景気が良くなり、物価の上昇局面では金利も上昇する関係にあります。
しかし、金利は「〇〇会社の株式」のように限定的な会社の業績を予測するには直接役立つものではありあせん。
財務状況に加えてPERやPBRなど、指標を読み取る必要があります。
金利はもっと広く、市場全体の景気を予測するために効果的です。
投資でチェックする金利とは?
「金利」と聞いて何を思い浮かべますか?
住宅ローンやキャッシングなどが出てくるのではないでしょうか。
間違ってはいないのですが少し違います。
ここでお話する金利は「短期金利」と「長期金利」です。
短期金利、長期金利とは?どうやってきまる?
短期金利
短期金利とは、銀行間で貸し借りする市場で用いられる金利です。
日銀、メガバンク、地銀など、銀行同士で貸し借りする市場を「コール市場」と呼び、そこで用いられる金利を「コール金利」と呼びます。
このコール金利が短期金利です。
日銀はこの短期金利をコントロールしています。
ポイントは、「短期金利を〇〇%に決めました。
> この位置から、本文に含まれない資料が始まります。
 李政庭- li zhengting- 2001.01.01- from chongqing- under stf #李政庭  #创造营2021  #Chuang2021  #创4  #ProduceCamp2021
みなさんこれに従ってください。」というのではなく、日銀が市場に出回るお金の量を調整して〇〇%に仕向ける、ということをしています。
この仕向ける金利を政策金利と言い、その時の景気をみて中央銀行(日本では日銀)が判断しています。
長期金利
長期金利は、短期金利(政策金利)と連動しています。
将来の短期金利を先取りするように長期金利は決まるのです。
さらに、長期金利は短期金利に加えて将来の市場の評価や見通し(=将来の景気)が含まれます。
例えば、
「今後、どれくらいのペースで成長していくのか」
「物価はどれくらい上がっていくのか」
というカンジです。
すなわち、長期金利は将来の景気を先読みしている、と言えます。
長期金利が先読みしていた例:リーマンショック
ここで長期金利が株価暴落を先読みしていた、株価よりも金利が先に下降し始めた例を見てみましょう。
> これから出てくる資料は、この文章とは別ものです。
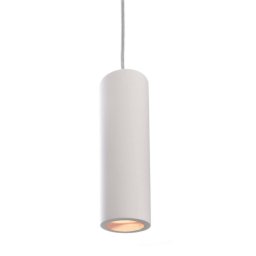 Deko-Light Kapego závěsné svítidlo Barro II 220-240V AC/50-60Hz GU10 1x max. 35,00 W bílá 342024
2008年にアメリカで起き、世界に影響を与えたリーマンショックを例にします。
リーマンショック
アメリカで住宅バブルが崩壊したのをきっかけにアメリカ金融大手の「リーマン・ブラザーズ」が2008年9月15日に経営破綻しました。これによりアメリカのみならず、世界的に金融危機と株価暴落が起きました。また、アメリカ以外の主要国は住宅バブルがきっかけであることを知らず、景気後退への対応が遅れたため各国でさらなる株価暴落が起きたのです。発端となったリーマン・ブラザーズの名前をとって「リーマンショック」と言われています。
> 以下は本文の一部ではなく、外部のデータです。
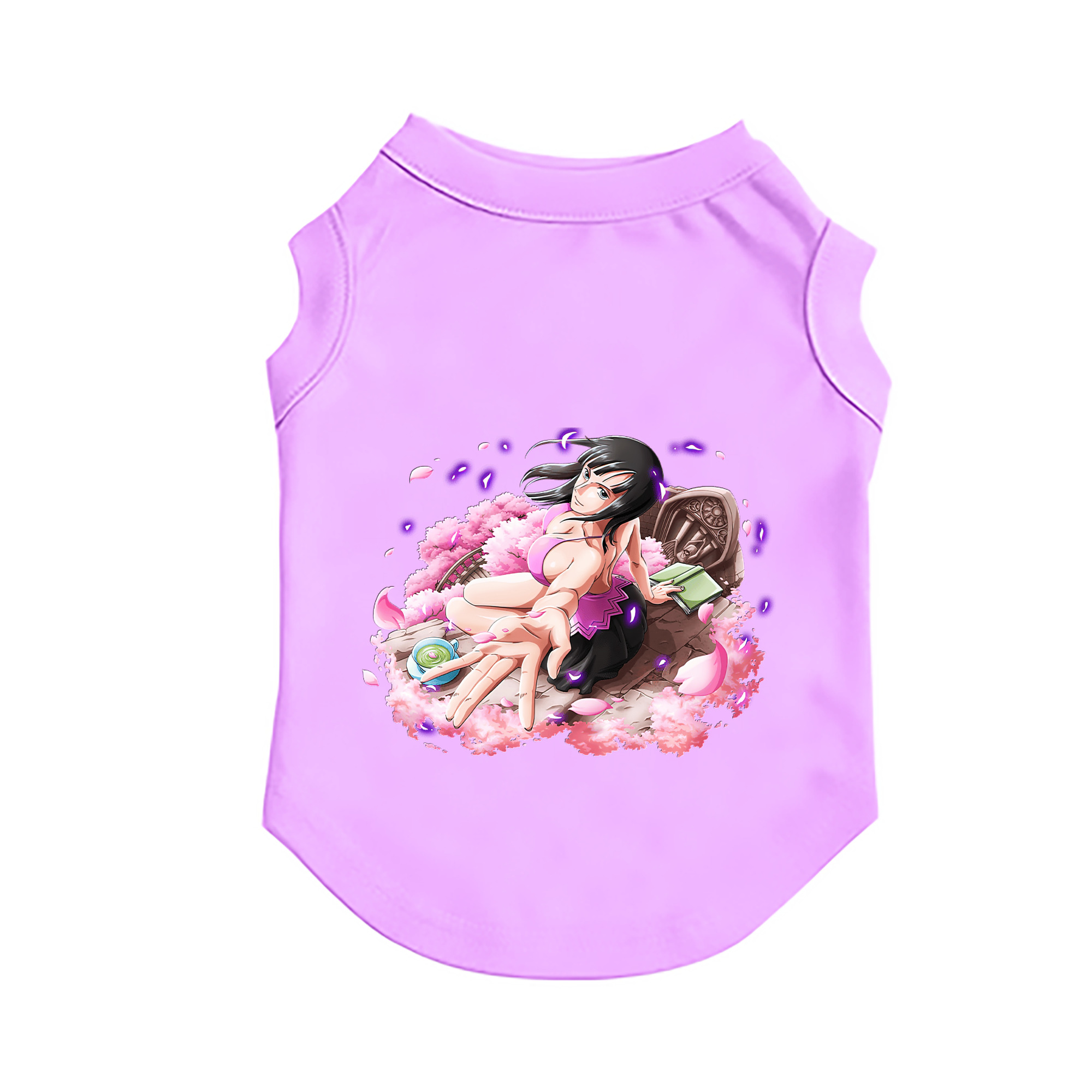 （画像用） ワンピース ニコ・ロビン ONE PIECE Nico Robin ペット用ベスト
詳細はこちらをご覧ください。(日経電子版の記事に飛びます。)
リーマンショックが起きる前後の金利、株価、商品の動きを時系列で並べてみました。
- 2007年6月
-
金利が下落に転じる 常に上げ下げしているが、景気後退局面に入る直前に高値をつけて下落を始めた。
- 2007年10月
-
商品が下落に転じる 金利に続いて商品が高値をつけて下落に転じる。
- 2008年7月
-
株式が下落に転じる 金利が転じて1年後に株式が下落し始めた。
- 2008年9月
-
リーマンショック リーマン・ブラザーズ経営破綻。
- 2008年12月
-
金利が上昇に転じる 後退局面から回復局面に移る直前に安値をつけて上昇に転じる。
- 2009年3月
-
商品と株式が上昇に転じる 金利に続いて商品と株式がほぼ同時に上昇に転じる。
このように、リーマンショックの前後において景気後退局面に移る時も、上昇局面に移るときも金利が先行して動いています。
他の指標がある中で金利に注目するメリットは?
景気や経済を把握するための指標はたくさんあります。
もっと専門的だったり、多角的にとらえるために様々な指標を活用することが重要です。
例えば国内の全体的な経済動向を表すGDP(国内総生産)や会社がどれだけ設備に投資しているか、を表す機械受注統計調査というのがあります。
その中で金利はどのようなメリットがあるのでしょうか。
金利のメリット
- 日ごとの情報が得られる
- 後になって改定がない
- 影響を受ける因子が少ない
他の指標は公開されてからも改定や修正があり、確定するまでに時間がかかることもあるためなかなか扱うのが難しいです。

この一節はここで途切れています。